AIO: AI optimisation.
The overarching strategy to optimise content for artificial intelligence systems. This is the foundation of the stack where SEO in the traditional sense is still what underpins it all - Discoverability is still key.
AEO: Answer Engine Optimisation.
This is where we optimise content so that it gets featured or cited in specific instant-answer functions. Such places like Featured snippets, overviews, and voice queries. Here well-structured, accessible content will help make this easier to happen.
Further reading: What Is Answer Engine Optimization? Answers, Tools, & Proven Tips
GEO: Generative Engine Optimisation.
Focusing on AI-powered search engines to help get your content to be the basis for generated responses. Not just included as a source, but being an influence on the text generated. Here we are talking about not just AI summaries in Google search, but responses in AI tools like Google AI mode, Perplexity, ChatGPT.

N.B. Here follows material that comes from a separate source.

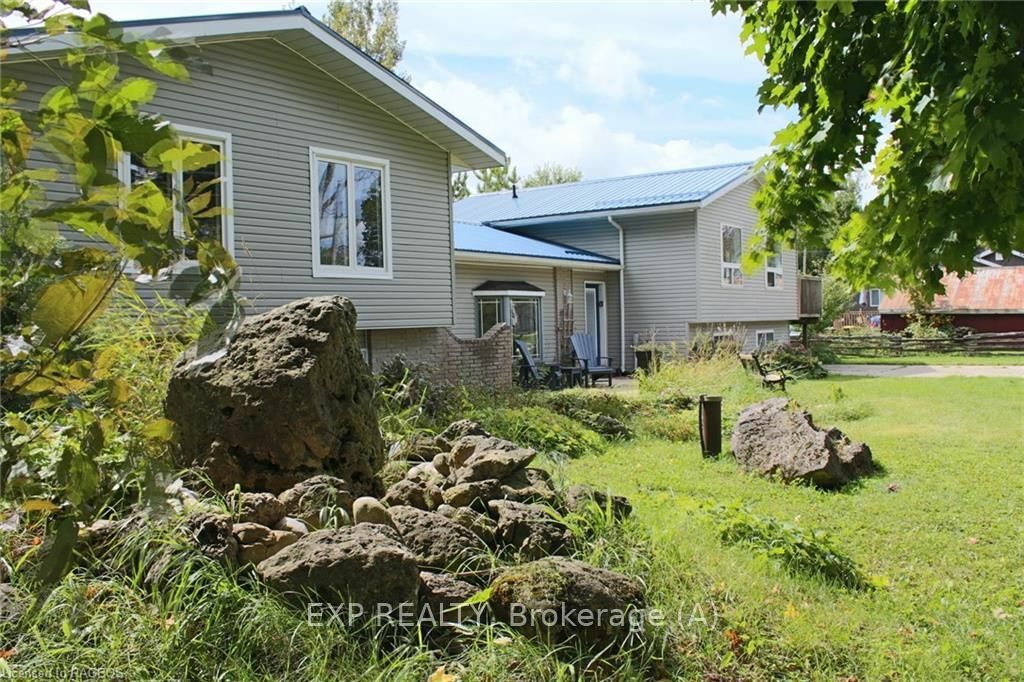 Property Photo:  208 Pellisier St  ON N0C 1E0 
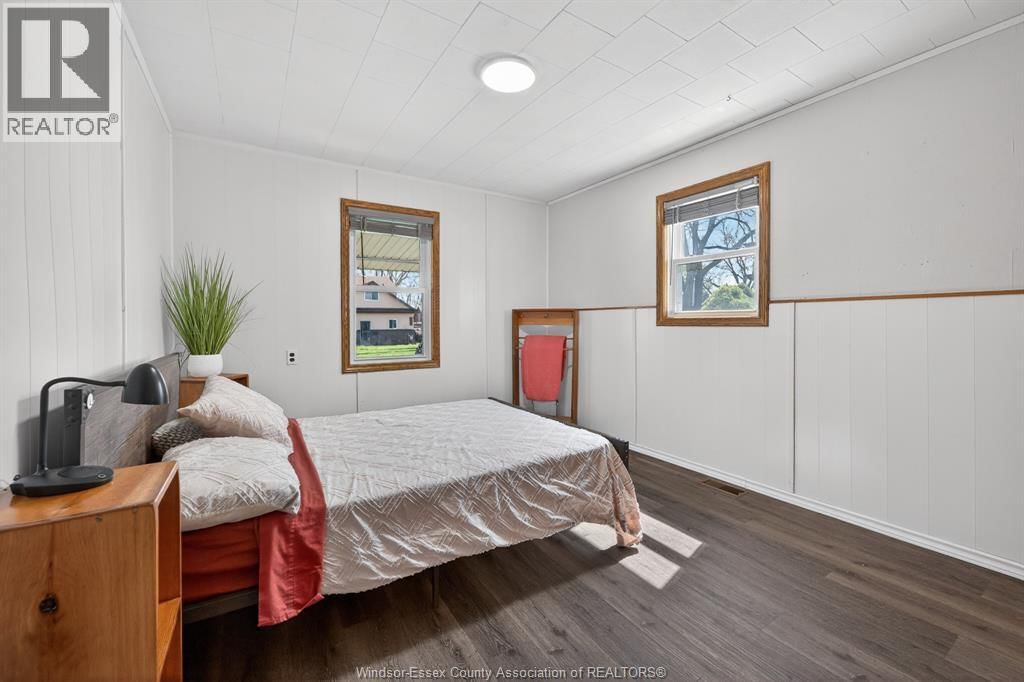 2489 FRANCOIS ROAD Image 21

Further reading: Generative Engine Optimization (GEO): The Future Of Search Is Here
LLMO: Large language model optimisation.
Here is where content is optimised for the way in which large language models “understand” your content and aim to get it included as a deeper part of the (generated) conversation and long-form content in tools like Gemini, Claude, and ChatGPT. Potentially even as part of training data, making this the "long game" and part of achieving the equivalent of "top of mind" status in the age of AI.
Further reading: The LLMO White Paper: Optimizing Brand Discoverability in Models like ChatGPT, Claude, and Perplexity
AAIO: Agentic AI optimisation.
This is the optimisation of your content, interfaces, and systems so that AI agents can successfully find, understand, and use them. This involves APIs and a clean technical structure to enable AI "agents" to execute decisions and perform tasks without necessarily needing human interaction.
Further reading: What is Agentic AI Optimization?
Next steps
After getting a feeling for the nuances of the various AI search solutions, the next step is to identify your weak spots and define your tactics in relation to each of them that are relevant to you and your organisation.
Over all, good, useful content is still good, useful content. AI solutions haven’t changed that - but your website will often form the ingredients that are baked together and eaten elsewhere, rather than consumed directly on your website.
Visitors will be increasingly AI agents and not humans. This is where clearly structured information and accessibility will be essential. A fully accessible website is not only easier for humans to use, including those using assistive technology, but also machines.
The more accessible your website, digital products, and services are, the more likely an AI agent will be able to successfully complete tasks on behalf of a human.
Quality content, structured information, APIs, and high levels of accessibility will be the pillars of success.